WORK TASK:
Could you retype exactly the lines below between the one holding "Men's Pants Men" and the one holding "2007 Lincoln MKZ null image 3", inclusive, leaving out any pictures?

RECORDED DATA:

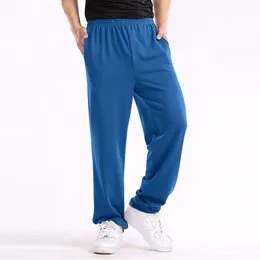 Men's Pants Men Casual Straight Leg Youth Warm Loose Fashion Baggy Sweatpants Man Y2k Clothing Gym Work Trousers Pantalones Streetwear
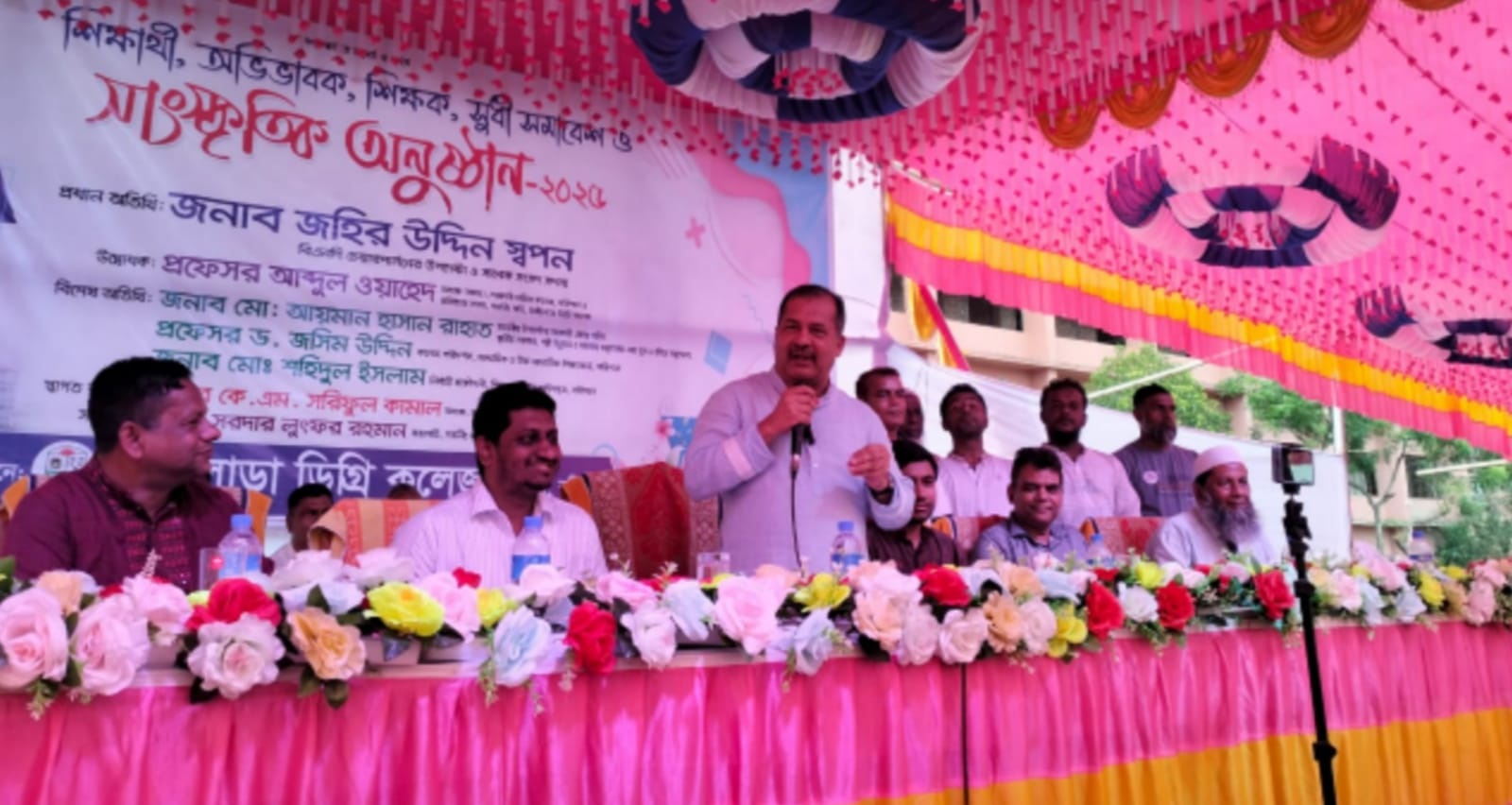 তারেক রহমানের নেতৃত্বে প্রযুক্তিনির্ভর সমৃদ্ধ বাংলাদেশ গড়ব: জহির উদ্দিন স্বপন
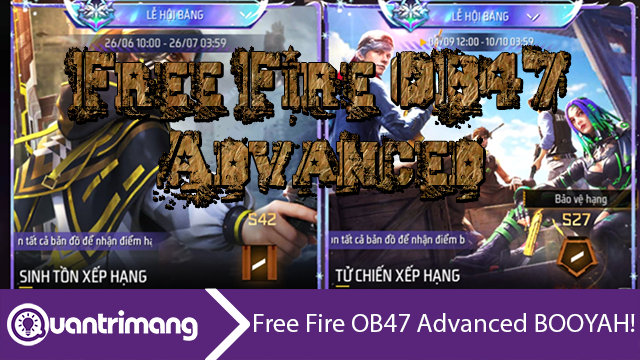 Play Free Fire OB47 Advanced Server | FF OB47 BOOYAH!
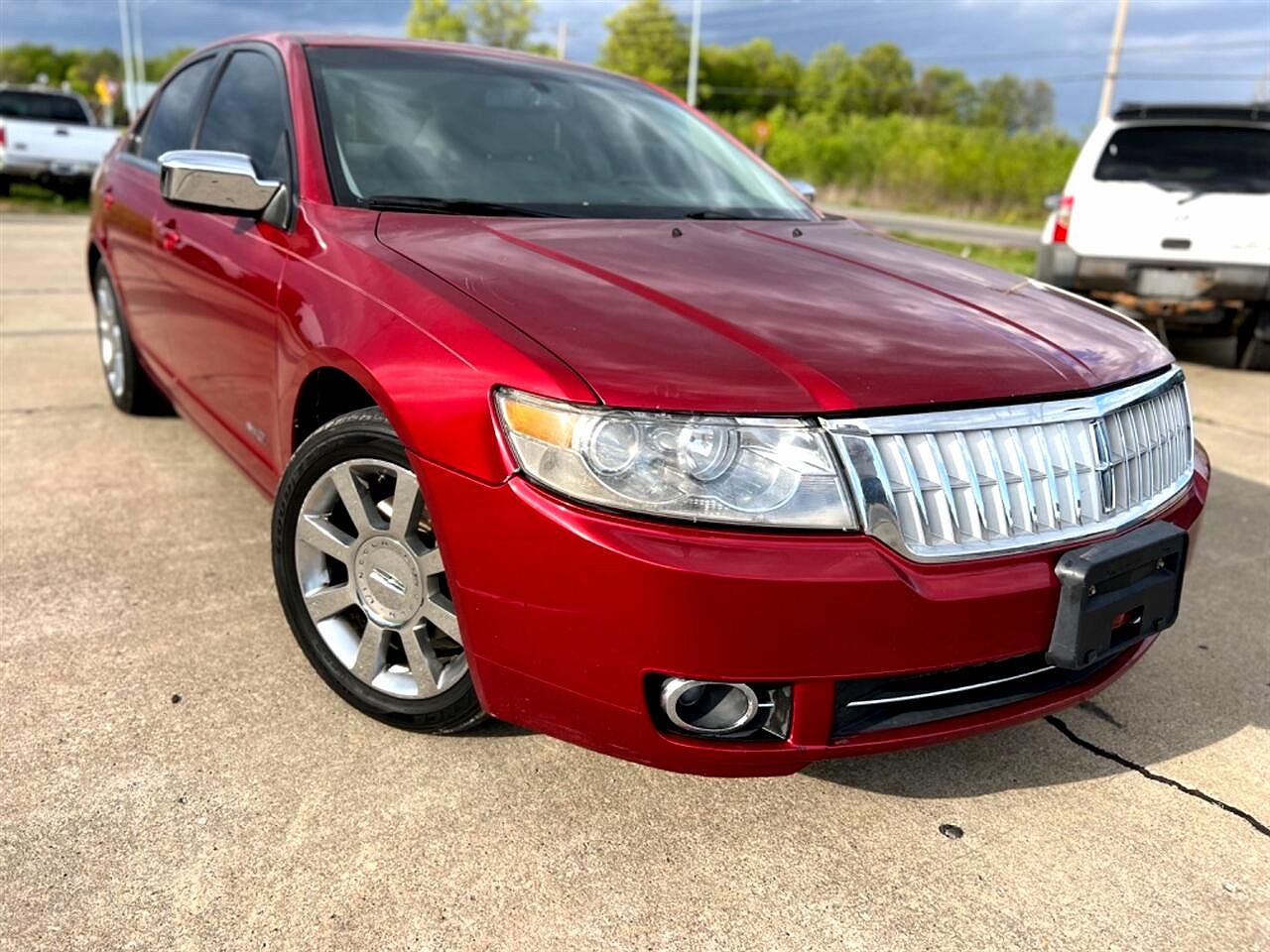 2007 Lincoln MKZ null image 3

---

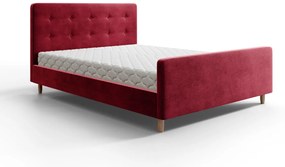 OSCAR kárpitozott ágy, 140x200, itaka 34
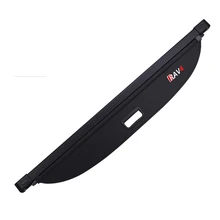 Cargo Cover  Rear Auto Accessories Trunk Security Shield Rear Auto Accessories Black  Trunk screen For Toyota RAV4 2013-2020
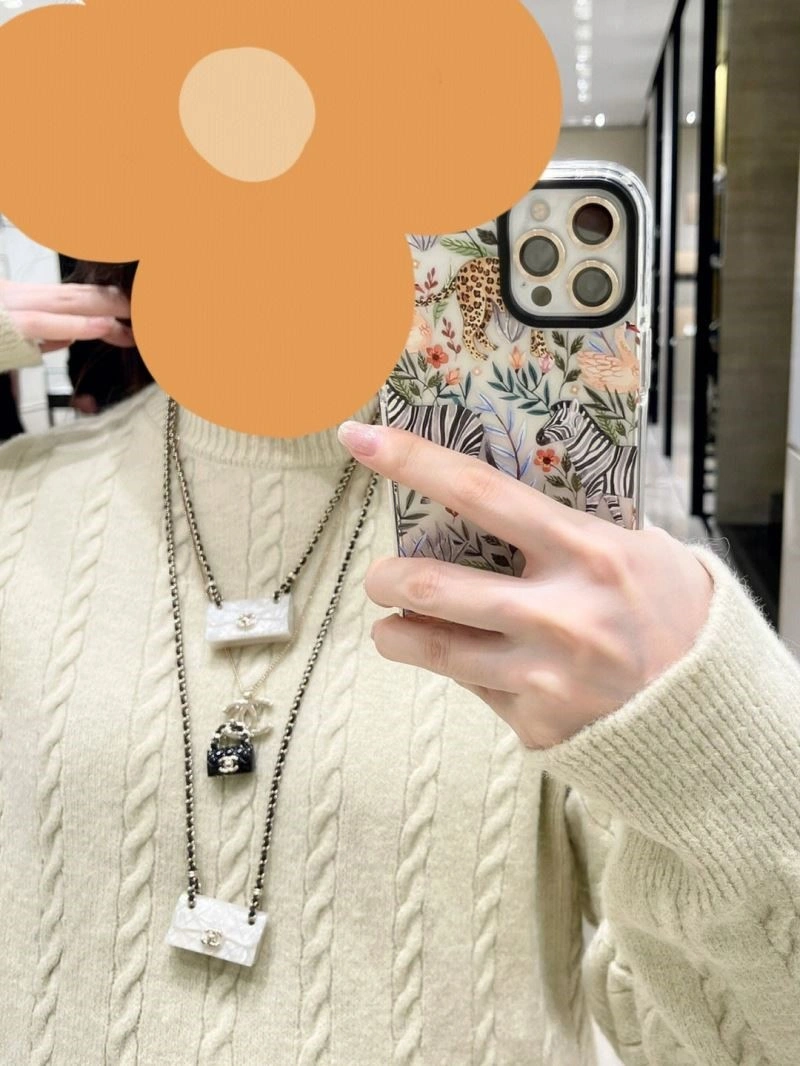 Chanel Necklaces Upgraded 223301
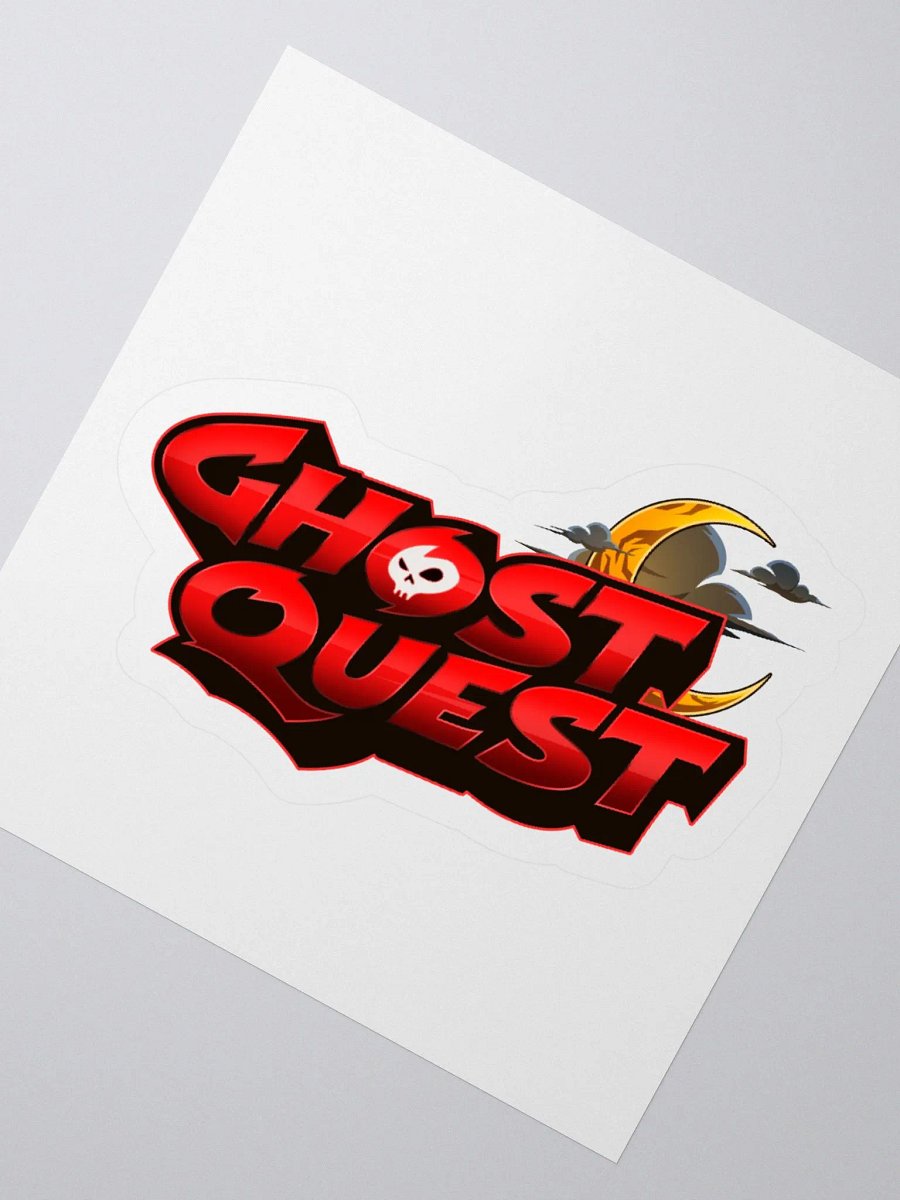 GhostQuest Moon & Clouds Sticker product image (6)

TASK RESULT:
 Men's Pants Men Casual Straight Leg Youth Warm Loose Fashion Baggy Sweatpants Man Y2k Clothing Gym Work Trousers Pantalones Streetwear
 তারেক রহমানের নেতৃত্বে প্রযুক্তিনির্ভর সমৃদ্ধ বাংলাদেশ গড়ব: জহির উদ্দিন স্বপন
 Play Free Fire OB47 Advanced Server | FF OB47 BOOYAH!
 2007 Lincoln MKZ null image 3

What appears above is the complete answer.